As far as the nature-nurture question goes, the balance tips heavily on the side of ‘nature’. As the teenage Kevin, Ezra Miller plays him as a sneering pantomime villain (to be fair to the actor, he isn’t given much option) whose sole aim in life seems to be wounding everyone around him yet somehow convincing all but long-suffering mum of his innocence. The only inclination to believe she might be an unreliable narrator is down to how over-the-top her son’s villainy is. Taken at face value, the sensitive subject matter is handled with a thudding lack of nuance. If Kevin wanted to be an exploitation shocker, that would be fine. The problem is that it comes across that way, when what it really seeks is artistic merit.
Holding it all together is Tilda Swinton, whose rakishness and agonised demeanour mark her as an outsider from the very beginning. For a film so laden with shotgun symbolism, her performance is one of startling introversion, seeming to exist more as a presence than as a real human being. It is easy to see why motherhood would be a struggle for her: the only time we see her exuding any kind of warmth, it is before the fling with John C. Reilly’s Frank that ends in her pregnancy and ruins the successful career and life she had built for herself up until that point.
Aha, you might now be thinking, perhaps that is how Ramsey (credited as a co-writer as well as director) aimed to balance out the nature-nurture side of the story. If Kevin turns out irredeemably evil, perhaps it was a result of his picking up on his mother’s anguish at his existence being the cause of her losing her freedom.
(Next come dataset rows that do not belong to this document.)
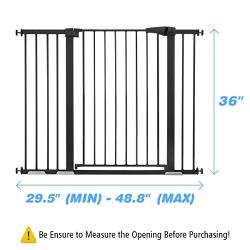 KingSo 48.8" W x 36" H Baby Gate Extra Tall Wide Large Dog Gate Auto Close Safety Gate Durable Walk Thru Child Gate for Stairs Doorways. Include 4 Pressure Bolts, 2.75", 5.5" & 8.25" Extension, Black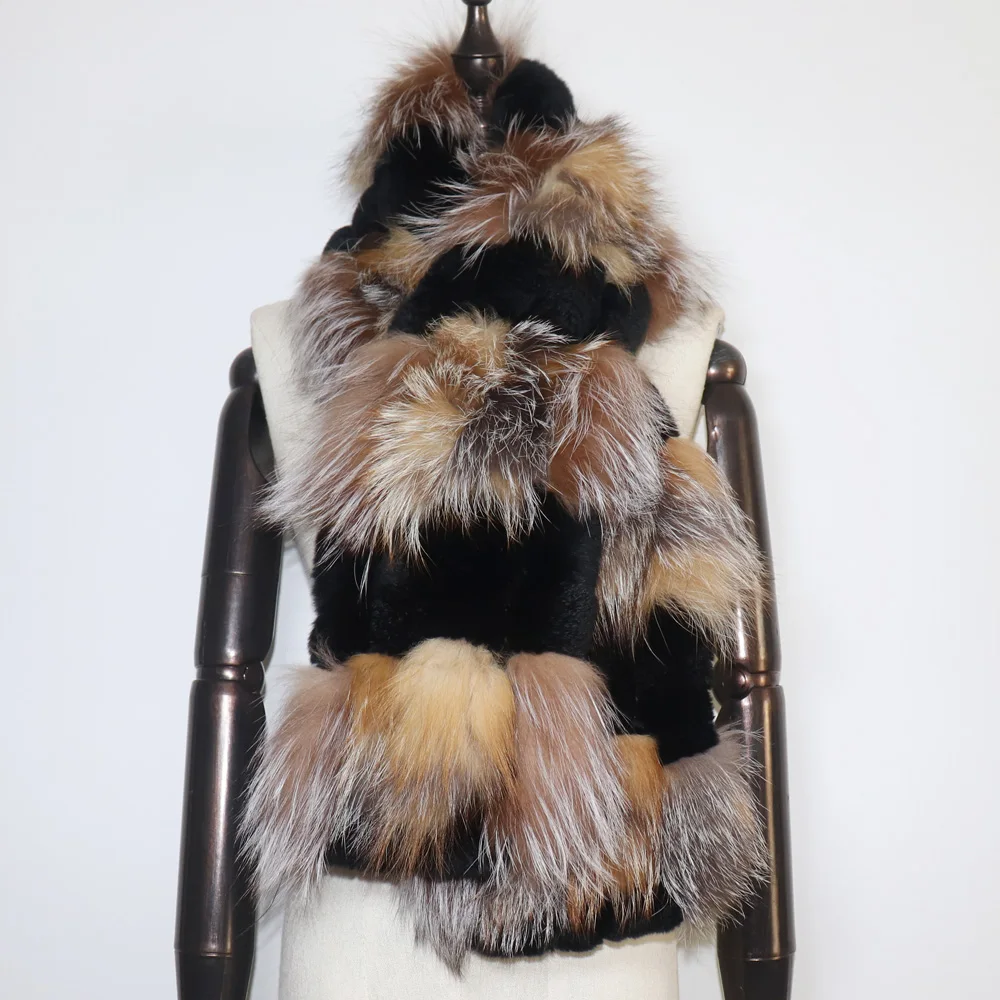 جديد الشتاء محبوك ريكس الأرنب الفراء وشاح مع الفضة الثعلب الفراء المرأة موضة الدافئة سميكة الإناث الشتاء الفراء والأوشحة الرقبة أدفأ فام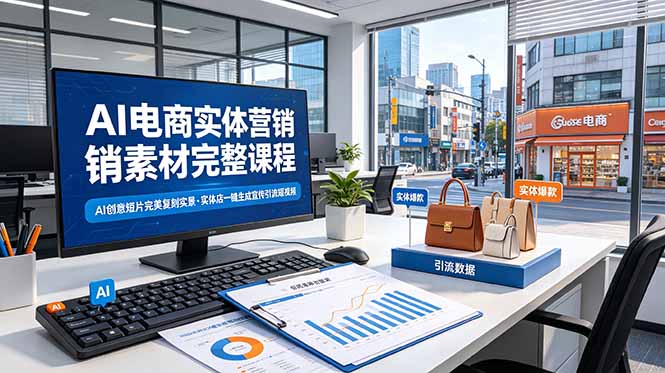 AI电商实体营销素材完整课程，AI创意短片完美复刻实景，实体店一键生成宣传引流短视频-禾谷轻创网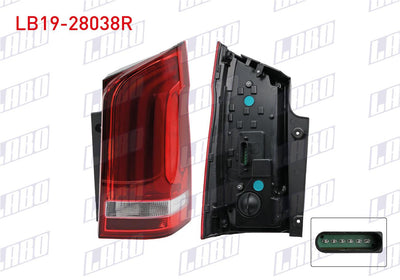 LABO LB19-28038R Tail Lamp Right LED Mercedes Vito (W447) 2016 — Tail, Signal & Reflectors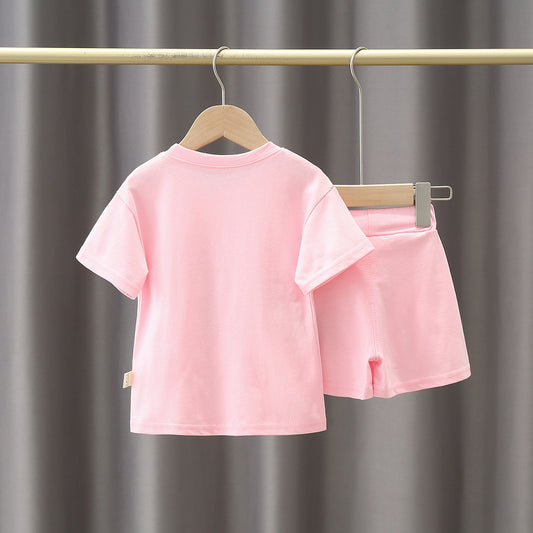 Boy And Girl Cartoon Cotton Short Sleeve T-shirt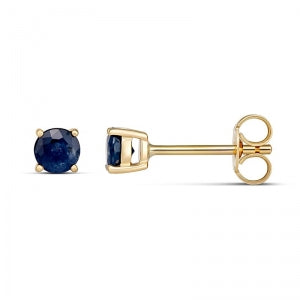 9CT GOLD 4mm ROUND CLAW SET SAPPHIRE STUD EARRINGS SEPTEMBER BIRTHSTONE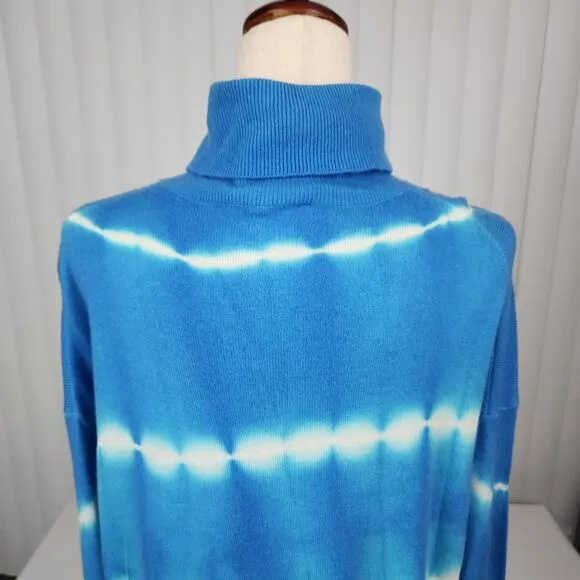 Cinq a Sept Turtleneck Sweater Wool Cashmere Azure Blue Women's Size Medium New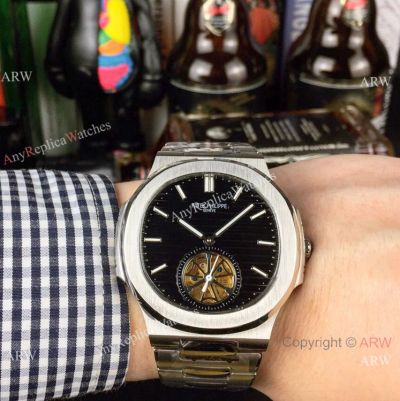 Best Copy Replica Patek Philippe Tourbillon Stainless Steel Black Dial Watches 40mm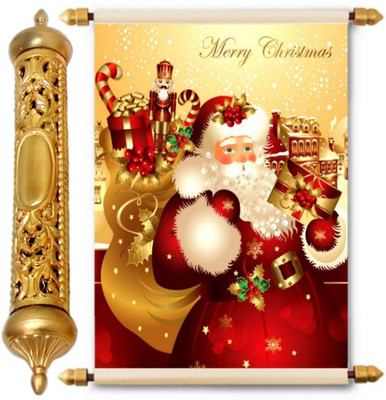 

Lolprint Merry Christmas Gold Scroll Greeting Card(Multicolor, Pack of 1)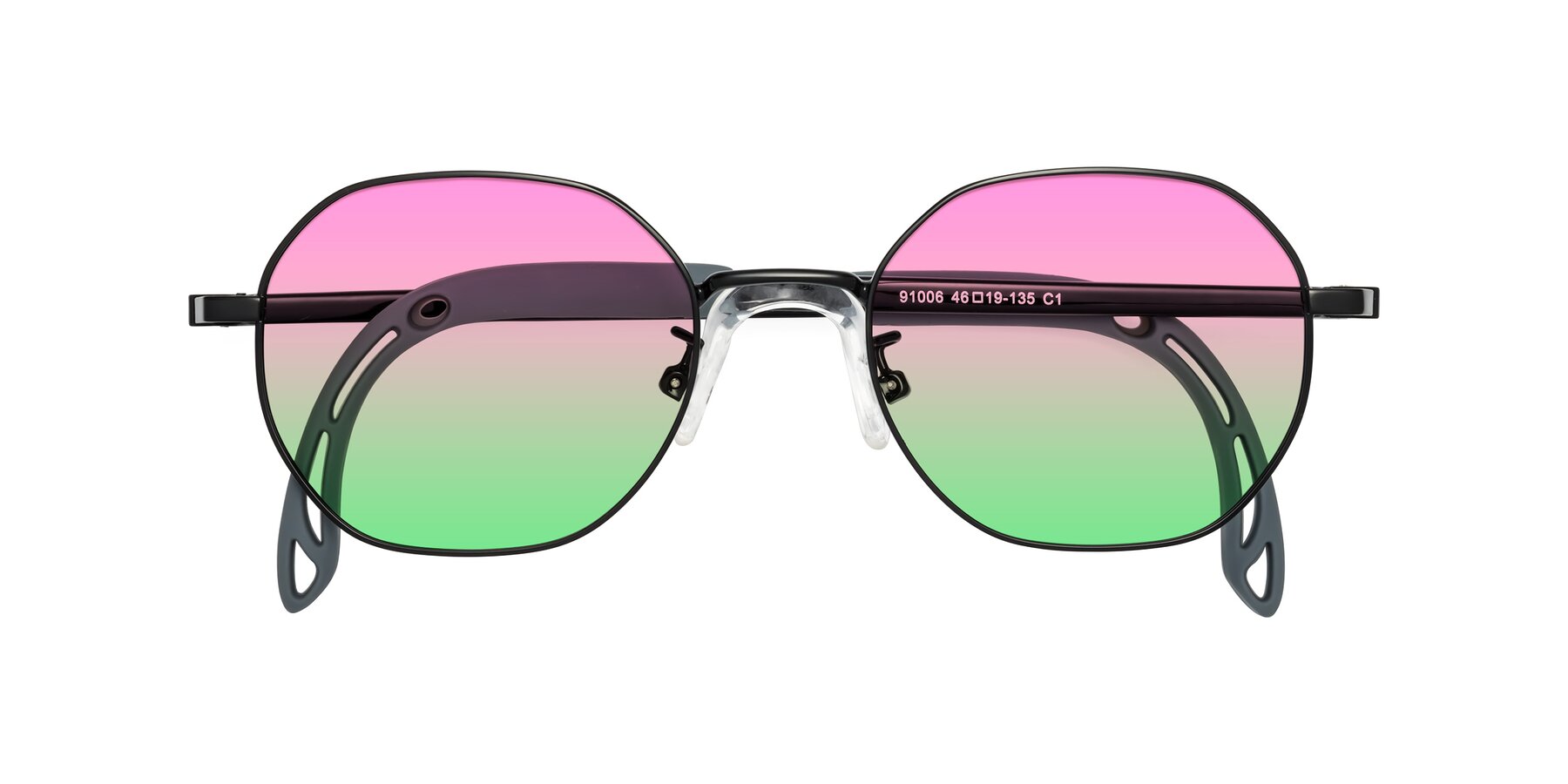 Folded Front of Esther in Ninja Black with Pink / Green Gradient Lenses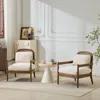 Streamdale Furniture Streamdale Mid-century Modern Accent Chair - Rattan Back, Beige Cushion (set Of 2) In Neutral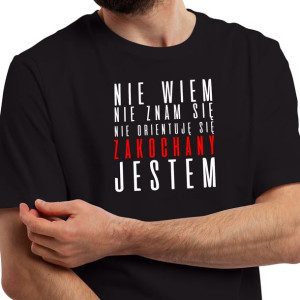 T-SHIRT Koszulka Męska na WALENTYNKI Wzory - M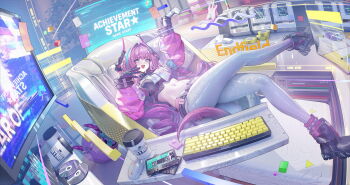 Rule 34 | 1girl, 1s44c, arknights, arknights: endfield, computer keyboard, controller, crossed legs, game controller, gloves, horns, lying, monitor, navel, on back, pants, pink hair, yvonne (arknights)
Again, this would be a valid point, but for the fact that Kevin appears as a supernaturally unpleasant child from the start, despite Eva’s obvious efforts to encourage and support him.
When she does finally flip and accidentally cause him a serious injury, the mental trauma she suffers is heavily emphasized. What’s more, the one time Kevin falls ill is the only time he emotionally connects with his mother, turning back to his devious ways once his recovery is complete. No matter how bad the environment a child has grown up in, the idea that anyone could be that manipulative at such a young age can only be explained by something in-built, rather than created.
Even for those who haven’t read the book (of which I am one), the outcome of Kevin’s behaviour is obvious from the start and Ramsey’s attempts to make a big deal of Eva finally asking Kevin what should be a key question is undermined by how clumsily she has managed all the elements leading up to the moment. Throw away any artistic intention and the film becomes passably entertaining. By the time Kevin receives his birthday present, it’s almost worth cheering this new opportunity for the teenage devil to kick his evil up a level. The dread is painted broadly, but there’s some fun in that, if not much suspense. Its failures as an art film piece together into a competent horror, even if the feeling abides that the subject matter and Tilda Swinton’s startling performance deserved better.